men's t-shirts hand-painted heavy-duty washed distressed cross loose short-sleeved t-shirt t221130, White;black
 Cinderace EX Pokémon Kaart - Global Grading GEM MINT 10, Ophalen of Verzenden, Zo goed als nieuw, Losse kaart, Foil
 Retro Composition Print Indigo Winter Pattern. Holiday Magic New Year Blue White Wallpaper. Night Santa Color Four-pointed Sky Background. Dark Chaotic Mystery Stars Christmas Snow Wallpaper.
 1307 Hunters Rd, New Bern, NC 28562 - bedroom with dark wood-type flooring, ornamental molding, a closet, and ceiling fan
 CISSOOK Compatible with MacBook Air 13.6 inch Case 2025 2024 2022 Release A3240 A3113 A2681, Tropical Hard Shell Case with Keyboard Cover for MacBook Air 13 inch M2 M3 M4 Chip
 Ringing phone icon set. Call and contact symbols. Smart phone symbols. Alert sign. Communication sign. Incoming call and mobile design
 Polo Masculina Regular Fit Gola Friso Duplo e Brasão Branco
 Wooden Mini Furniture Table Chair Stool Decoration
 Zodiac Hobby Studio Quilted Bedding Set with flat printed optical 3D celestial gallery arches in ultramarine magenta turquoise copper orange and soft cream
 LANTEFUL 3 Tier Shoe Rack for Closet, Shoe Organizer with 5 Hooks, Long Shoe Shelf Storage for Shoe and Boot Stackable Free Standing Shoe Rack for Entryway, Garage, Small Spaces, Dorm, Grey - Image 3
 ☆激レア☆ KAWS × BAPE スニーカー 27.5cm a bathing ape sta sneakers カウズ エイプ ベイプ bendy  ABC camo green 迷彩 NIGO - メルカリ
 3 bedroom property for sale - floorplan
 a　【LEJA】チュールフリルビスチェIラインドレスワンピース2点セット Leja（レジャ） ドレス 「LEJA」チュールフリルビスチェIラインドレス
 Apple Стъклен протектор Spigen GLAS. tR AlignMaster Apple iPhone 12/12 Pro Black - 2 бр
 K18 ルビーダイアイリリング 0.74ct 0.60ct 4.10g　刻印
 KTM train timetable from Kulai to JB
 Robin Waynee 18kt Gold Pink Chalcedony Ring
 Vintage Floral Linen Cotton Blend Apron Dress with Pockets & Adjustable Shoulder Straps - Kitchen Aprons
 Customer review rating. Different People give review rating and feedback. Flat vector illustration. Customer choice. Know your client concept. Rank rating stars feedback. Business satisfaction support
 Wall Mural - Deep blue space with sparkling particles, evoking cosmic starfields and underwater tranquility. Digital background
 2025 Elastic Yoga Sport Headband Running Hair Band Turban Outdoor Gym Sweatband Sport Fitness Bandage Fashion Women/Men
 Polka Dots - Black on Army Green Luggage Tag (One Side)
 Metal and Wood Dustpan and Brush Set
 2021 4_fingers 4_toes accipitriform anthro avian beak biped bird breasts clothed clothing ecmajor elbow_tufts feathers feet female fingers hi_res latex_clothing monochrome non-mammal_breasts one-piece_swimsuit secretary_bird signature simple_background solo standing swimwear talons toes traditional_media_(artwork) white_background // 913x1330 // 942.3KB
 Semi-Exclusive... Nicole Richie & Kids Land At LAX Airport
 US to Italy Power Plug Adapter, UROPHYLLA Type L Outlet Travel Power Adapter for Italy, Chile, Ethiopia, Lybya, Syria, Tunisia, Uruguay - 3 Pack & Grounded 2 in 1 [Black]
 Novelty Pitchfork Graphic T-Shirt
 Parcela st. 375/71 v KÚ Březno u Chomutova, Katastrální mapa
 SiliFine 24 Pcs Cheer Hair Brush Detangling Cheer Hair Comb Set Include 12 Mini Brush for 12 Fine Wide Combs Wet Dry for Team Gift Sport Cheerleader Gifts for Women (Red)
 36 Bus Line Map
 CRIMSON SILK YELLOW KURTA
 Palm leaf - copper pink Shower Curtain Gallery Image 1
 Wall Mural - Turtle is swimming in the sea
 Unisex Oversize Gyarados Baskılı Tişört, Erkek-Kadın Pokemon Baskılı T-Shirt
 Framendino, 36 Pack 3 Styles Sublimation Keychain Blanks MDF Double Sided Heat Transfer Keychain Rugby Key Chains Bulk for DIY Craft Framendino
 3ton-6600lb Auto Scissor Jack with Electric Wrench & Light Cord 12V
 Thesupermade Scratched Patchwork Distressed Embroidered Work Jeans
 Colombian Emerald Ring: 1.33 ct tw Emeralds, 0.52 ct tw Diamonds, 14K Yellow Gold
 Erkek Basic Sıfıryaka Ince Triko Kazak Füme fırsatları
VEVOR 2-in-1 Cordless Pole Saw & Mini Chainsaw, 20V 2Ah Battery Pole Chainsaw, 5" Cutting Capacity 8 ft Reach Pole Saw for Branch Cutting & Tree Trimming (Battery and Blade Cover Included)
────
Assignment>
Output the complete data exactly as written.

Exercise solution>
men's t-shirts hand-painted heavy-duty washed distressed cross loose short-sleeved t-shirt t221130, White;black
 Cinderace EX Pokémon Kaart - Global Grading GEM MINT 10, Ophalen of Verzenden, Zo goed als nieuw, Losse kaart, Foil
 Retro Composition Print Indigo Winter Pattern. Holiday Magic New Year Blue White Wallpaper. Night Santa Color Four-pointed Sky Background. Dark Chaotic Mystery Stars Christmas Snow Wallpaper.
 1307 Hunters Rd, New Bern, NC 28562 - bedroom with dark wood-type flooring, ornamental molding, a closet, and ceiling fan
 CISSOOK Compatible with MacBook Air 13.6 inch Case 2025 2024 2022 Release A3240 A3113 A2681, Tropical Hard Shell Case with Keyboard Cover for MacBook Air 13 inch M2 M3 M4 Chip
 Ringing phone icon set. Call and contact symbols. Smart phone symbols. Alert sign. Communication sign. Incoming call and mobile design
 Polo Masculina Regular Fit Gola Friso Duplo e Brasão Branco
 Wooden Mini Furniture Table Chair Stool Decoration
 Zodiac Hobby Studio Quilted Bedding Set with flat printed optical 3D celestial gallery arches in ultramarine magenta turquoise copper orange and soft cream
 LANTEFUL 3 Tier Shoe Rack for Closet, Shoe Organizer with 5 Hooks, Long Shoe Shelf Storage for Shoe and Boot Stackable Free Standing Shoe Rack for Entryway, Garage, Small Spaces, Dorm, Grey - Image 3
 ☆激レア☆ KAWS × BAPE スニーカー 27.5cm a bathing ape sta sneakers カウズ エイプ ベイプ bendy  ABC camo green 迷彩 NIGO - メルカリ
 3 bedroom property for sale - floorplan
 a　【LEJA】チュールフリルビスチェIラインドレスワンピース2点セット Leja（レジャ） ドレス 「LEJA」チュールフリルビスチェIラインドレス
 Apple Стъклен протектор Spigen GLAS. tR AlignMaster Apple iPhone 12/12 Pro Black - 2 бр
 K18 ルビーダイアイリリング 0.74ct 0.60ct 4.10g　刻印
 KTM train timetable from Kulai to JB
 Robin Waynee 18kt Gold Pink Chalcedony Ring
 Vintage Floral Linen Cotton Blend Apron Dress with Pockets & Adjustable Shoulder Straps - Kitchen Aprons
 Customer review rating. Different People give review rating and feedback. Flat vector illustration. Customer choice. Know your client concept. Rank rating stars feedback. Business satisfaction support
 Wall Mural - Deep blue space with sparkling particles, evoking cosmic starfields and underwater tranquility. Digital background
 2025 Elastic Yoga Sport Headband Running Hair Band Turban Outdoor Gym Sweatband Sport Fitness Bandage Fashion Women/Men
 Polka Dots - Black on Army Green Luggage Tag (One Side)
 Metal and Wood Dustpan and Brush Set
 2021 4_fingers 4_toes accipitriform anthro avian beak biped bird breasts clothed clothing ecmajor elbow_tufts feathers feet female fingers hi_res latex_clothing monochrome non-mammal_breasts one-piece_swimsuit secretary_bird signature simple_background solo standing swimwear talons toes traditional_media_(artwork) white_background // 913x1330 // 942.3KB
 Semi-Exclusive... Nicole Richie & Kids Land At LAX Airport
 US to Italy Power Plug Adapter, UROPHYLLA Type L Outlet Travel Power Adapter for Italy, Chile, Ethiopia, Lybya, Syria, Tunisia, Uruguay - 3 Pack & Grounded 2 in 1 [Black]
 Novelty Pitchfork Graphic T-Shirt
 Parcela st. 375/71 v KÚ Březno u Chomutova, Katastrální mapa
 SiliFine 24 Pcs Cheer Hair Brush Detangling Cheer Hair Comb Set Include 12 Mini Brush for 12 Fine Wide Combs Wet Dry for Team Gift Sport Cheerleader Gifts for Women (Red)
 36 Bus Line Map
 CRIMSON SILK YELLOW KURTA
 Palm leaf - copper pink Shower Curtain Gallery Image 1
 Wall Mural - Turtle is swimming in the sea
 Unisex Oversize Gyarados Baskılı Tişört, Erkek-Kadın Pokemon Baskılı T-Shirt
 Framendino, 36 Pack 3 Styles Sublimation Keychain Blanks MDF Double Sided Heat Transfer Keychain Rugby Key Chains Bulk for DIY Craft Framendino
 3ton-6600lb Auto Scissor Jack with Electric Wrench & Light Cord 12V
 Thesupermade Scratched Patchwork Distressed Embroidered Work Jeans
 Colombian Emerald Ring: 1.33 ct tw Emeralds, 0.52 ct tw Diamonds, 14K Yellow Gold
 Erkek Basic Sıfıryaka Ince Triko Kazak Füme fırsatları
VEVOR 2-in-1 Cordless Pole Saw & Mini Chainsaw, 20V 2Ah Battery Pole Chainsaw, 5" Cutting Capacity 8 ft Reach Pole Saw for Branch Cutting & Tree Trimming (Battery and Blade Cover Included)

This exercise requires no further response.